With the presidential election on the horizon, undocumented students and their families are questioning whether or not they should apply for the deferred action program. During the Republican Convention, Mitt Romney made no comment about deferred action, leaving undocumented students afraid of applying. “The Dreamers” do not know whether or not Romney is going to support the action if he is appointed as the next president.
Obama, on the other hand, made the program active before the elections. He promised undocumented students – the Dreamers – deferred action at the beginning of his presidency, but he didn’t finalize his promise until now.
“We all know it is a political move,” said Raul Z. Moreno, the Fresno State migrant services coordinator. “I don’t care if it is a political move because as long as President Obama gives my undocumented students something to protect them I am fine with the move.” “Obama is giving something to my students,” he added. “What is Romney giving them?”

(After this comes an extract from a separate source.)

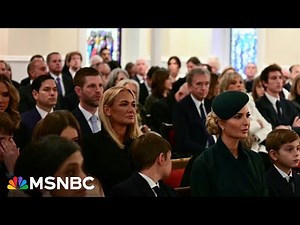 First look: Trump family, Mark Zuckerberg, Tim Cook inside church service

It is highly recommended that undocumented students apply for deferred action as soon as possible. Moreno urges students not to hesitate or be afraid of the coming re-elections.
But undocumented students are concerned that the action will be revoked and they will get deported. If you don’t apply for deferred action and the border patrol comes along, you are gone, according to Moreno. Students and their families are afraid to apply and he understands this. “Look at the fact that you’re here undocumented. That is already a risk, so if you’re saying that applying for deferred action is a bigger risk, it’s not,” he said.
If eligible, students need to apply as soon as possible. The application process can be complicated, and undocumented students should take the time, with their families, to gather their documents and ask the necessary questions regarding the process.